▸ **Given data**
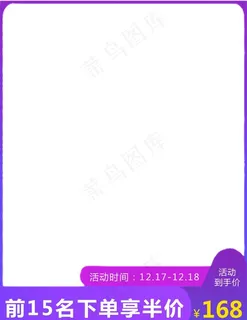 【Mx001】天猫主图边框水印图片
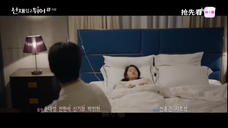 背着善宰跑15-2 即使没有记忆,小率也依然是善宰的例外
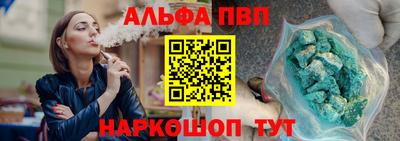 каннабис Абакан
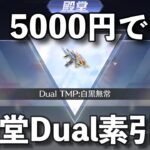 【荒野行動】殿堂Dualを5000円で素引きした男のガチャ動画(81も取りました)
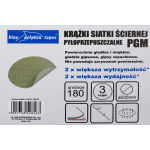 Сітка шліфувальна (шліфкруг, шліфсітка) для жирафу D225 P180 Blue Dolphin (KRSS_28563) – Фото №4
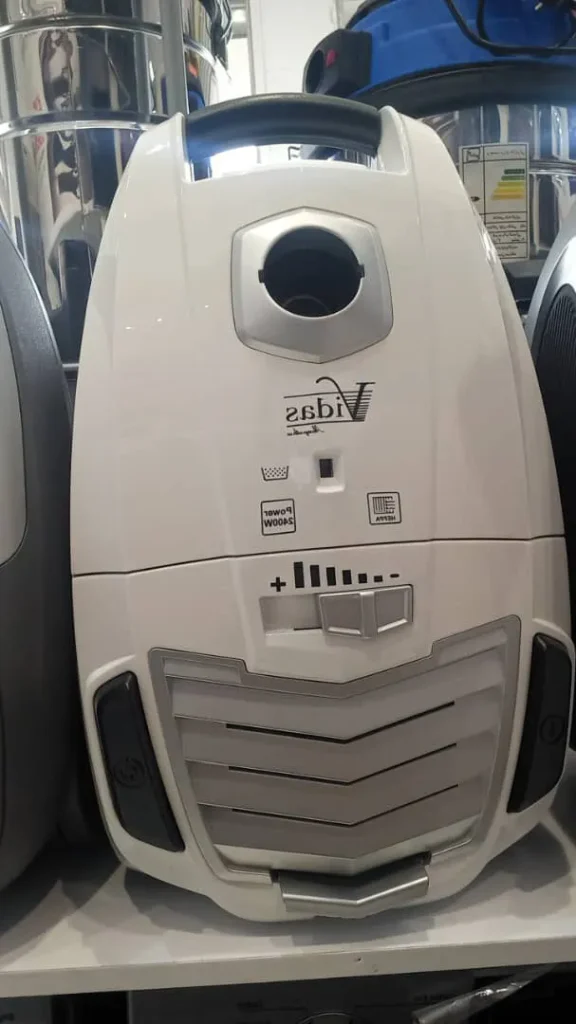 جاروبرقی ویداس مدل VIR-7488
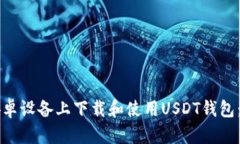 怎样在安卓设备上下载和使用USDT钱包：完整指南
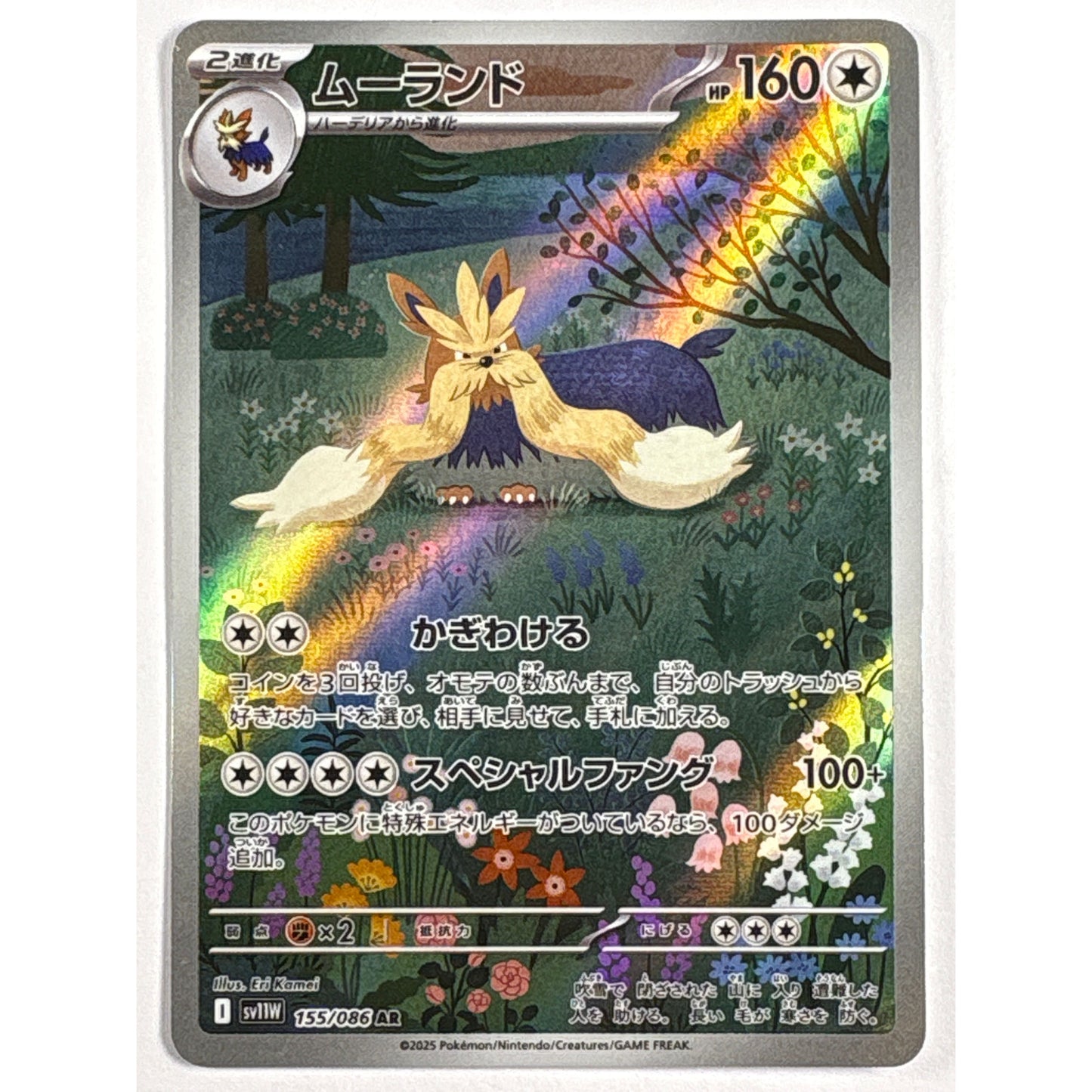 Stoutland Holo Art Rare 155/086 | Local Legends Cards & Collectibles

▸ **What this task involves**
From the first line to the last, retype the material exactly and exclude the pictures.

▸ **Exercise result**
 【Mx001】天猫主图边框水印图片
 背着善宰跑15-2 即使没有记忆,小率也依然是善宰的例外
 каннабис Абакан
 【荒野行動】殿堂Dualを5000円で素引きした男のガチャ動画(81も取りました)
 Сітка шліфувальна (шліфкруг, шліфсітка) для жирафу D225 P180 Blue Dolphin (KRSS_28563) – Фото №4
 جاروبرقی ویداس مدل VIR-7488
 怎样在安卓设备上下载和使用USDT钱包：完整指南
 Stoutland Holo Art Rare 155/086 | Local Legends Cards & Collectibles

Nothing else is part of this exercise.